Le volume compte dix contributions qui s’organisent en quatre sections. La première partie, qui réunit deux contributions, vise à introduire des réflexions théoriques et méthodologiques autour du rôle de l’individu en sociolinguistique et en histoire de la langue. Dans le premier texte, Hélène Blondeau aborde les questions de la variation intra-individuelle et du cheminement sociolinguistique des individus au cours de leur vie. La chercheuse rappelle d’abord la distinction entre études transversales et longitudinales en sciences sociales, qui, dans l’étude du changement linguistique en sociolinguistique, recoupe les approches en temps apparent et en temps réel. L’exemple des études sur le français parlé à Montréal selon ces deux approches lui permet d’en montrer la complémentarité. La cueillette de données à intervalles réguliers – les corpus présentés ont été collectés en 1971, 1984 et 1995 – rend possible l’étude de la variation et des tendances évolutives du français parlé à Montréal, au niveau communautaire. En présentant l’étude des parcours sociolinguistiques des 12 locuteurs et locutrices ayant participé aux trois périodes d’enquêtes, Blondeau propose des résultats originaux qui illustrent la pertinence du suivi de cohorte et l’apport de cette perspective longitudinale aux recherches sur la variabilité et le changement linguistiques. Placer l’individu au coeur de l’analyse met en évidence l’effet des parcours de vie sur les comportements langagiers.

Dans le deuxième texte de cette section, Gilles Siouffi propose une réflexion au sujet de l’évolution diachronique de la notion d’usage qui le conduit à examiner la place que cette notion pourrait aujourd’hui occuper en sociolinguistique. À partir de la définition que Vaugelas donne de l’usage au milieu du XVIIe siècle, le chercheur montre que cette notion s’est, au fil des siècles, confondue avec celle de « bon usage », renvoyant ainsi à la dimension normative de la langue. Selon lui, cette confusion a contribué au flou et à la polysémie de la notion, ce qui peut expliquer l’abandon de la réflexion linguistique sur sa définition. Le chercheur suit la piste de la réhabilitation de cette notion, qui pourrait devenir opérationnelle en sociolinguistique, en revenant aux sources de sa conception : l’usage est à rapprocher de la notion de faits de langue et doit être considéré dans une dimension situationnelle dynamique. Siouffi souligne enfin l’intérêt de placer l’usager au centre de la production de l’usage : l’individu est alors conçu comme « un acteur doté de ses spécificités dans le lieu et dans le temps » (p. 57) qui exploite les ressources de son répertoire linguistique selon la situation de communication. Tout en tenant compte des limites que l’examen des productions individuelles peut représenter pour la généralisation, cette définition de l’usage permet de voir dans les productions langagières « ce que les usagers font à leur langue » (p. 58).

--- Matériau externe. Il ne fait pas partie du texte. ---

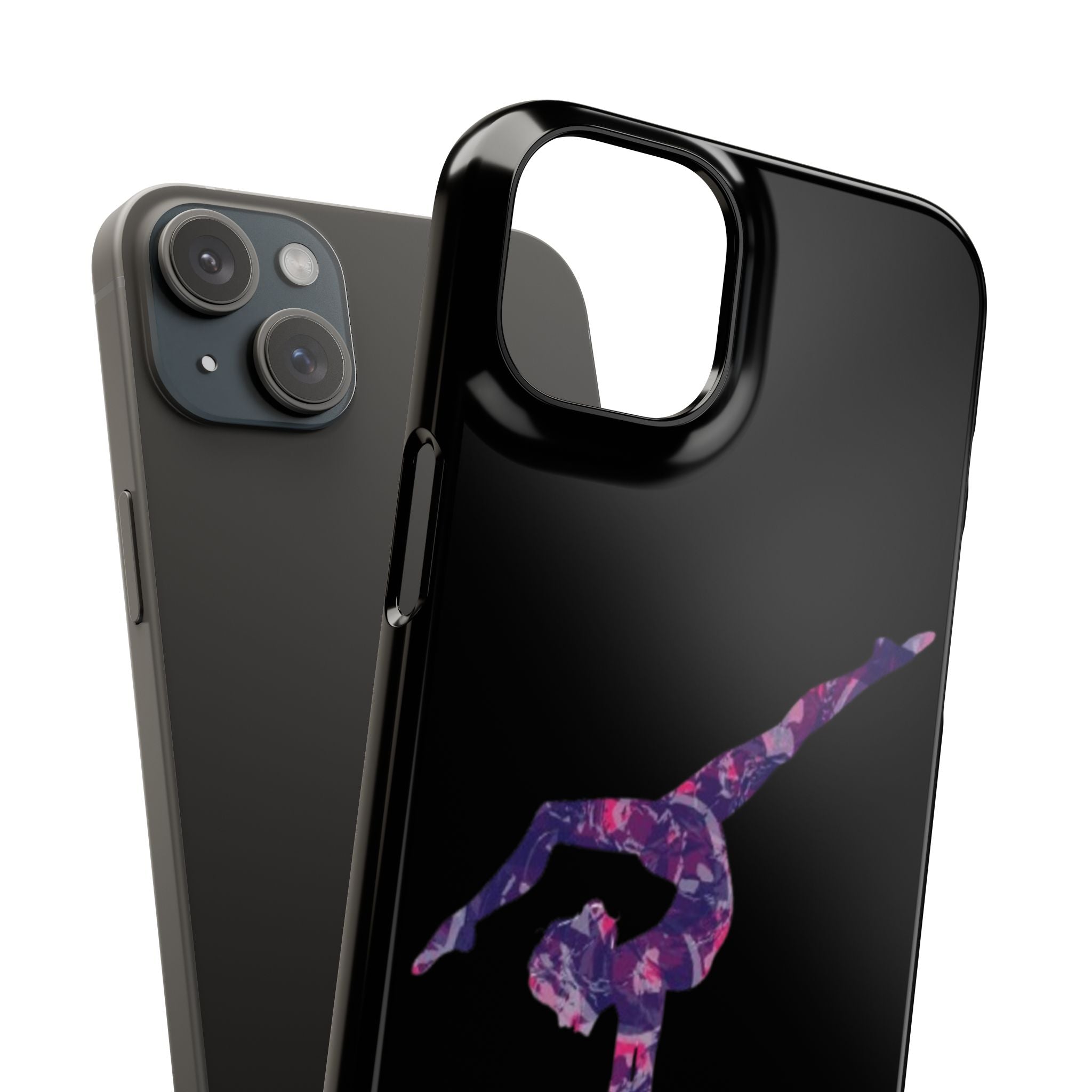 Gymnast Phone Case — Purple Galaxy Gymnastics Snap Case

Les trois contributions de la deuxième partie du volume sont consacrées au médium écrit et les productions de scripteurs ou scriptrices peu lettrées, chères à France Martineau, y occupent une place importante. Dans la première contribution, Sylvie Dubois s’intéresse cependant à la production écrite d’une élite religieuse puisqu’elle analyse l’emploi de l’apostrophe dans un corpus manuscrit d’éloges funèbres rédigés entre la fin du XVIIe et le tout début du XIXe siècle par les mères supérieures, ou leurs conseillères, des maisons des Ursulines de Québec et de la Nouvelle-Orléans. La chercheuse met son corpus à l’épreuve de « l’hypothèse Martineau », qui postule que l’élite coloniale en Nouvelle-France et en Louisiane diffusait et adoptait les usages prescriptifs de la France métropolitaine. Proposant une analyse approfondie et comparative de son corpus, elle montre que, malgré le succès de l’apostrophe dans les imprimés dès le milieu du XVIe siècle, son adoption est lente dans l’écriture manuscrite des religieuses. La chercheuse apporte, en conclusion, quelques réponses à ce comportement orthographique essentiellement conservateur quant à cette nouvelle convention typographique. Elle mentionne notamment comme facteurs explicatifs le fait que l’introduction de l’apostrophe dans l’écriture manuscrite vient en bouleverser le rythme continu et qu’elle suppose une fine analyse morphosyntaxique de la langue; adopter une nouvelle manière d’écrire (ou de parler), c’est aussi instaurer une innovation qui entre en conflit avec l’ancrage traditionnel du milieu religieux.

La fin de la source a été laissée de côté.